[LSF/MM/BPF TOPIC] Flash Friendly Swap

linux-mm.kvack.org archive mirror
 help / color / mirror / Atom feed

* [LSF/MM/BPF TOPIC] Flash Friendly Swap
@ 2026-02-18 12:46 YoungJun Park
  2026-02-20 16:22 ` Christoph Hellwig
  0 siblings, 1 reply; 3+ messages in thread
From: YoungJun Park @ 2026-02-18 12:46 UTC (permalink / raw)
  To: lsf-pc; +Cc: linux-mm, youngjun.park, chrisl

Hello,

I would like to propose a session on NAND flash friendly swap layout.
Similar to how F2FS is designed as a flash friendly file system, the
goal is to make the swap subsystem write data to NAND flash devices
in a way that causes less wear.

We have been working on this problem in production embedded systems
and have built an out-of-tree solution with RAM buffering, sequential
writeback, and deduplication. I would like to discuss the upstream
path for these capabilities.

Background & Motivation:

We ship embedded products built on eMMC-based NAND flash and have been
dealing with memory pressure that demands aggressive swapping for years.
The limited P/E cycle endurance of NAND flash makes naive swap usage a
reliability risk -- swap I/O is random, small, and frequent, which is
the worst-case pattern for write amplification. Even with an FTL in the
eMMC controller, random writes from the swap layer still cause
additional WAF through internal garbage collection. Buffering and
reordering writes into sequential streams can complement the FTL and
reduce WAF.

Our team has published prior work on this problem[1], covering
techniques such as compression, RAM buffering with sequential writeback,
and flash-aware block management. Based on that work, we built an
internal solution and are now looking at how to bring these capabilities
upstream.

Current Implementation:

The current implementation is a standalone block device driver between
the swap layer and flash storage:

 1. RAM swap buffer: A kernel thread accumulates swap-out pages and
    flushes them to flash as sequential I/O at controlled intervals.
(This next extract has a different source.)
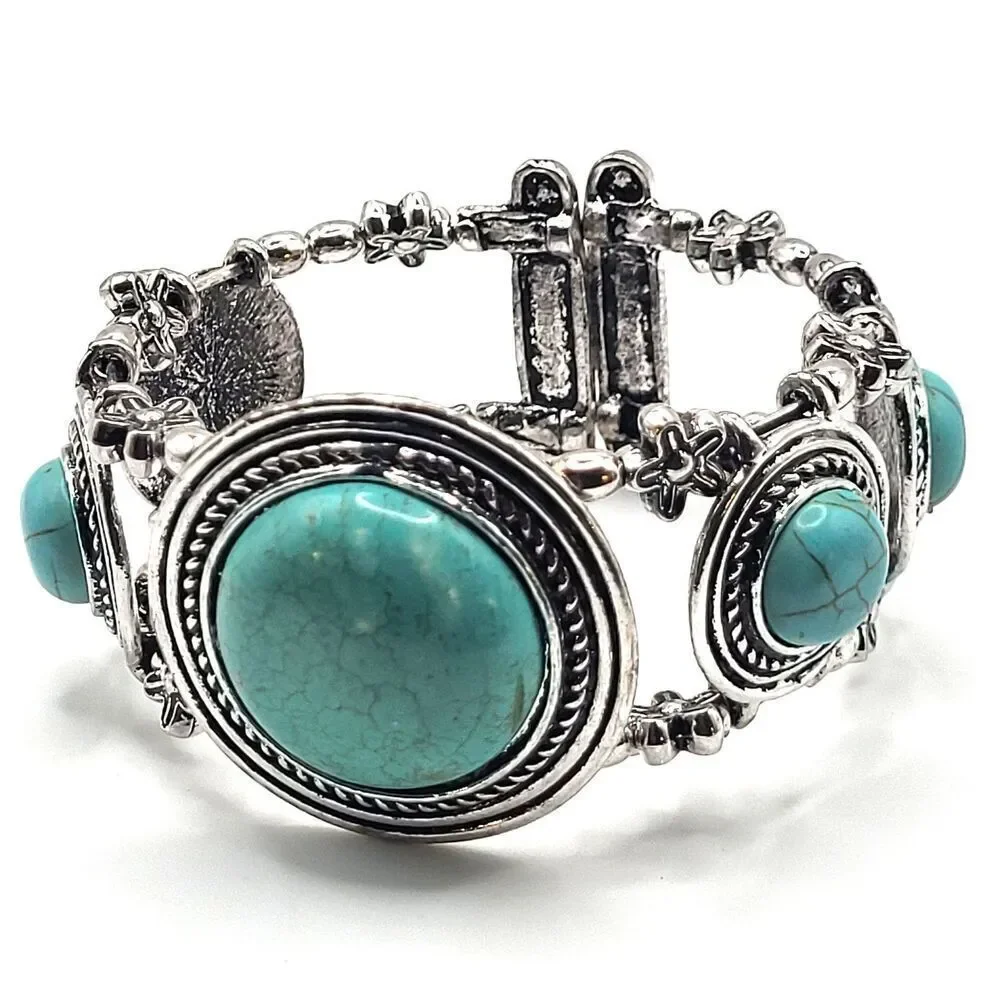Vintage Southwestern Bohemian Turquoise Acrylic Silver Chunky Bangle Bracelet 8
 2. Management layer: Mapping between swap slots and physical flash
    locations, with wear-aware allocation and writeback scheduling.

 3. Deduplication: Content-hash-based dedup before writing to flash --
    swap workloads often contain many zero-filled or duplicate pages.

This works, but as a standalone block device it sits outside mainline
infrastructure. I am seeking feedback on how to upstream this.

Discussion:

I would like to discuss the following topics:

- Flash friendly swap I/O:

  For flash-backed swap, writing sequentially and respecting erase
  block boundaries can reduce WAF. What could the swap subsystem do
  to better support flash devices?

- Deduplication in the swap layer:

  Swap workloads often contain many zero-filled or duplicate pages.
  Should dedup be a swap-layer feature rather than reimplemented
  per-backend?

- Extending zram/zswap writeback with flash awareness:

  zram supports a backing device (CONFIG_ZRAM_WRITEBACK) for writing
  idle/incompressible pages to persistent storage, and zswap sits in
  front of swap devices with its own writeback path. Could these be
  extended with sequential writeback batching, deduplication, and
  flash-aware allocation? Our implementation buffers swap-out pages
  in RAM before flushing to flash -- this is conceptually similar to
  zswap + writeback, but we found the current writeback path
  insufficient for our needs because it still issues per-page random
  writes without awareness of flash erase block boundaries. I would
  like to discuss what gaps remain and whether extending zswap/zram
  writeback is the right upstream path.

- Swap abstraction layer:

  Recent discussions on reworking the swap subsystem[2][3] aim to
  decouple the swap core from its tight binding to swap offsets and
  block devices. If such a layer materializes, it could provide
  extension points for pluggable swap backends with device-specific
  write strategies. I would like to hear the community's view on
  whether this direction could also serve flash friendly swap needs.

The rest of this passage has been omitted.